С ширью русской земли связывал Бердяев и такие национальные особенности нашего народа, как склонность к бюрократической централизации власти, стихийность и иррациональность политической жизни, ослабленность частнособственнических инстинктов и индивидуализма, слабая способность к самоорганизации. И здесь, пожалуй, лучше всего предоставить слово самому философу: «Интересы создания, поддержания и сохранения огромного государства занимают совершенно исключительное и подавляющее место в русской истории.. Почти не оставалось сил у русского народа для свободной творческой жизни, вся кровь шла на укрепление и защиту государства... Личность была придавлена огромными размерами государства, предъявлявшего непосильные требования. Бюрократия развивалась до размеров чудовищных... В России есть трагическое столкновение культуры с темной стихией. В русской земле, в русском народе есть темная, в дурном смысле иррациональная, непросветленная и не поддающаяся просветлению стихия...»; она «реакционна в самом глубоком смысле слова. В ней есть вечная мистическая реакция против всякой культуры, против личного начала, против прав и достоинства личности, против всяких ценностей... Душа России — не буржуазная душа, — душа, не склоняющаяся перед золотым тельцом, и уже за одно это можно любить ее бесконечно». (Здесь Бердяев как бы перекликается с Мариной Цветаевой, утверждавшей, что сознание неправды денег было в русской душе «невытравимо».) И далее: «Русский никогда нс чувствует себя организатором. Он привык быть организуемым». А разве не актуально в наши дни звучат следующие слова Бердяева: «Россия погибает от централисте кого бюрократизма, с одной стороны, и темного провинциализма, с другой. Децентрализация русской культуры означает не торжество провинциализма, а преодоление и провинциализма и бюрократического централизма, духовный подъем всей нации и каждой личности... Нельзя предписать свободу из центра — должна быть воля к свободе в народной жизни, уходящей корнями в недра земли»[6].
В пестрой мозаике высказываний Бердяева о самых общих особенностях русского социума обращает на себя внимание тезис о преобладании в нем коллективности в ущерб развитию индивидуального начала. «Россия, — писал философ, — все еще остается страной безличного коллектива», которому свойствен «государственный дар» покорности и смирения перед лицом авторитета общины[7]. В религиозной сфере, во многом определявшей жизнь России, это явление получило название «соборности», т.е. добровольного соединения индивидов на основе любви к Богу и друг к другу, в отличие от принудительного социалистического коллективизма, целью которого провозглашается не духовное, а материальное процветание. Лучше всего понять, что такое соборность, можно, обратившись к следующей ее образной характеристике, принадлежащей Л.Н. Толстому: «Сойтись по-настоящему могут люди только в Боге. Для того чтобы людям сойтись, им не нужно идти навстречу друг другу, а нужно всем идти к Богу. Если бы был такой огромный храм, в котором свет шел бы сверху, только в самой середине, то для того, чтобы сойтись людям в этом храме, им всем надо было бы только идти на свет в середину. То же и в мире. Иди все люди к Богу, и все сойдутся». Впрочем, врожденный коллективизм русских людей после революции не без успеха эксплуатировался и большевистскими вождями для разрушения самой церкви и «строительства социализма».

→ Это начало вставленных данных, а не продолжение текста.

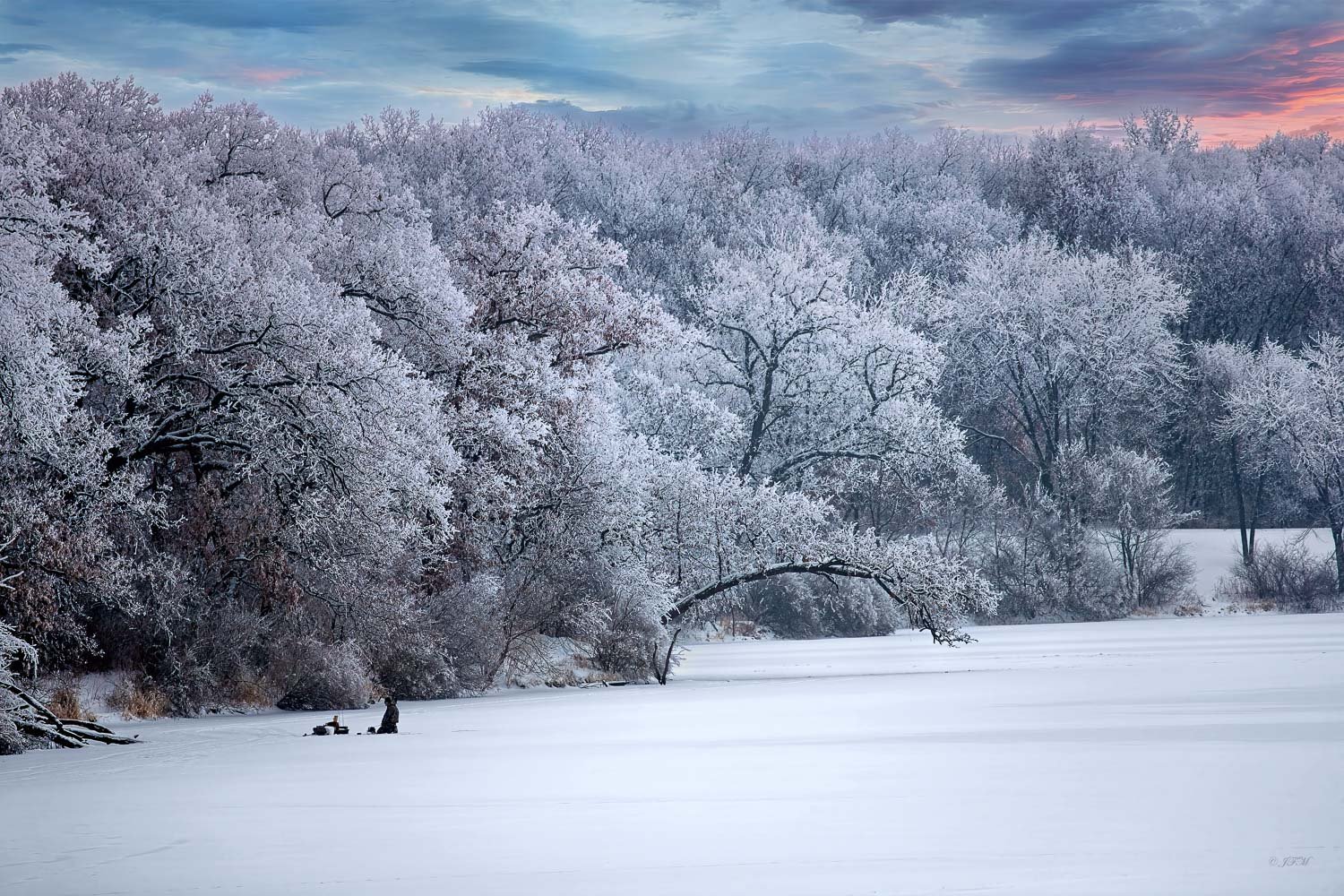 Ice Fisherman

Бердяев много писал еще об одной черте русского народа, пагубное влияние которой в нашей жизни ощущается до сих пор. Имеется в виду национальная склонность к «шараханию» от одной крайности к другой, «контрастность» поведения, отсутствие у русских людей некой «серединной» устойчивости, готовности к идейным и политическим компромиссам. Даже в труде, проявляя порой незнакомую западному человеку самозабвенность, русский человек после этого так же неистово пьянствует и «гуляет». По мнению Бердяева, «русский народ наименее мещанский из народов, наименее детерминированный, наименее прикованный к органическим формам быта, наименее дорожащий установленными формами жизни... В русском человеке легко обнаруживается нигилист. Наряду с низкопоклонством и рабством легко обнаруживается бунтарь и анархист. Все протекает в крайних противоположностях»[8]. Здесь Бердяев перекликается уже с Чеховым, который писал о русском человеке так: «Между «есть Бог» и «нет Бога» лежит целое громадное поле, которое проходит с большим трудом истинный мудрец. Русский же человек знает какую-либо одну из этих крайностей, середина же между ними не интересует его; и поэтому он не знает ничего или он знает очень мало»[9].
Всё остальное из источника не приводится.